Jegomość z jednej mszy niedzielnej tyle zarobi, nie musi zbierać...
Zmodyfikowano 1 raz. Ostatnia modyfikacja: 9 września 2014 o 18:10
Bo ksiądz ma wszystko wydawać na dzieci tak? Po zatym ja też moge wrzucić zdjęcie iphona i powiedzieć, że to ksiądz kupił... Skoro ubolewa z powodu głodnych dzieci to dlaczego im nie pomoże?
Bo to ksieza stawiaja siebie jako autorytet w kwestiach moralnych, jednoczesnie inkasujac za to pieniadze.

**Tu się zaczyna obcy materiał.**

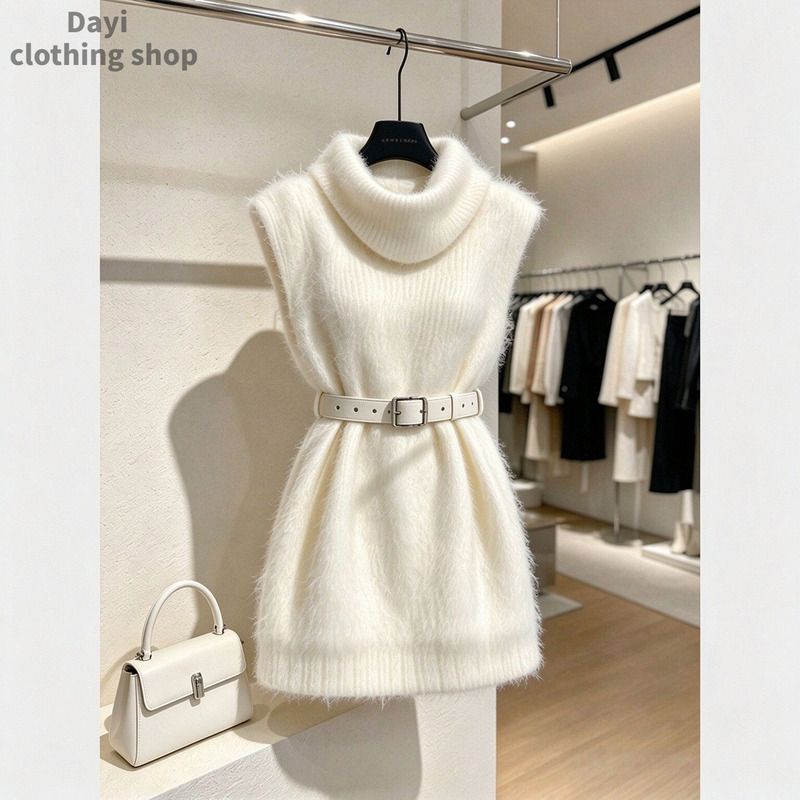 2026 Autumn New White Sleeveless Turtleneck Sweater Knitted Dress for Women, Slim-Fit, Versatile, Elegant Dress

do "Browar1" chyba na łeb upadłeś,
Czyli zwykli ludzie nie muszą być morlani i nie muszą pomagać biednym? Tylko księża mają taki obowiązek? Policjant ma stać na straży porządku i prawa. Policjanci, których znam prywatnie daleko odbiegają od tego wzoru. Politycy mają za zadanie dbać o dobro państwa i robić wszystko by naród żył dostatnio. Jak jest to wszystko wiemy. Terapeuci w poradniach dla uzależnionych niejednokrotnie sami walą wódę i ćpają. Dlaczego kuźwa tylko księzy się czepiacie? Dlaczego nie mówicie o księżach, którzy pomagają ubogim, dbają o niepełnosprawnych albo organizują pomoc dla trudnej młodzieży? Tak bardzo jesteście zepsuci i niemoralni, że musicie na każdym kroku usprawiedliwać swoje czyny tym, że księża, strażnicy moralności też tak robią? Sami zdradzacie żony, chlejecie wódę i oszukujecie innych i dlatego tak łatwo oczerniacie księzy. Wydaje się Wam, że jeżeli oplujecie kler to Wasze sumienie się uspokoi. Zdracę Wam sekret. Nie uspokoi się. Jeżeli jesteście szujami to porównywanie się do innych nic Wam nie da. Pozostaniecie nimi, aż to momentu gdy staniecie się porządnymi ludźmi.
Czyli jak rozumiem usprawiedliwiacie bledy ksiezy tym, ze wszyscy je popelniamy. Tylko w takim razie dlaczego idziecie do spowiedzi, placicie na kosciol (i zmuszacie innych do placenia)? Dlaczego ksiadz ma byc autorytetem moralnym, skoro jest taki jak wszyscy?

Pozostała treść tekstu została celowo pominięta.